Successful research advances require dedication and commitment to the best use of the scientific method. Studies performed without a real understanding of the basis behind double blind testing produce inherently flawed results. When theoretical researchers do not have access to the information gained through actual testing, it slows the total development time.
The free flow of information is particularly important in medical research, where small mistakes cost lives. Research in genomics and proteomics shows promising results which may arrest neurological conditions, slow aging, improve overall health and eliminate cancer. Of course, those goals are years in the future, but without access to the latest and best quality data, researchers are hamstrung in the development process. Data analysis is a crucial part of pushing research boundaries and finding truly new avenues of research to pursue.

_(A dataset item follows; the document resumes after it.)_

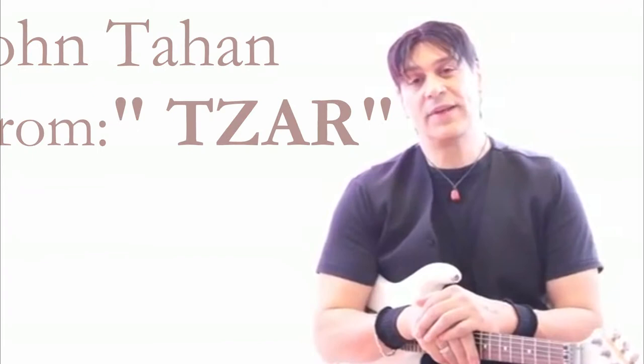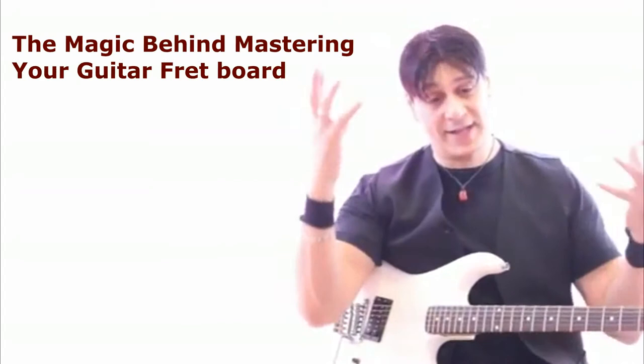This course was designed for the beginner lead player. You will learn about guitar effects, and no I am not talking about pedal effects — I am talking about the hands on the fretboard.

Data Transmission is Critical for Genomic and Proteomic Studies
For many areas of science, researchers build on other known information. The study of DNA and genomes is a fairly young branch of science, meaning that there is relatively little factual information known about each sequence. Genetic mapping continues to give researchers insights into the specific functions of pieces of DNA and how they interact with proteins to determine physical characteristics. As a gene is mapped out and all facets become known, that information must be transmitted to current researchers as soon as it is available. The applications or genomics and proteomics are endless, making it crucial for research to be shared, rather than hoarded.
How Data Analysis Helps
Data analysis pulls together data points from a variety of sources to provide a single unified picture of the specific item. Many research facilities may study the same gene sequence, but with different intentions. As each study collects data, that information can be put together to create a larger picture. A single gene sequence is so complex that years of study have failed to account for every aspect of any gene. The more information researchers have access to, the more progress they are able to make in their own specific avenue of study. Understanding human genetics leads to significant advances in prescription drug research as well.
Genes to Drugs: The Interactions
With accurate data tracking, researchers are able to follow incidences of complications and reactions to specific drugs. They can then make comparisons of the patients, to find commonalities. Patients with similar genetic backgrounds often have similar reactions to prescription drugs. This in-depth knowledge of how genetics impacts drug interactions allows researchers to make changes specific for different ethnicities. Prescription drug research can now focus on providing targeted solutions for common medical conditions that provide better patient outcomes.
Not allowing researchers access to information about the results of trials, research methods used or results data limits their ability to make rapid discoveries. Research and development costs make up the bulk of the budget for many health companies. Prescription drug research takes years, with no guarantee of a product at the end of the expense. Quality data tracking and analysis helps more products reach the market more quickly and with fewer complications.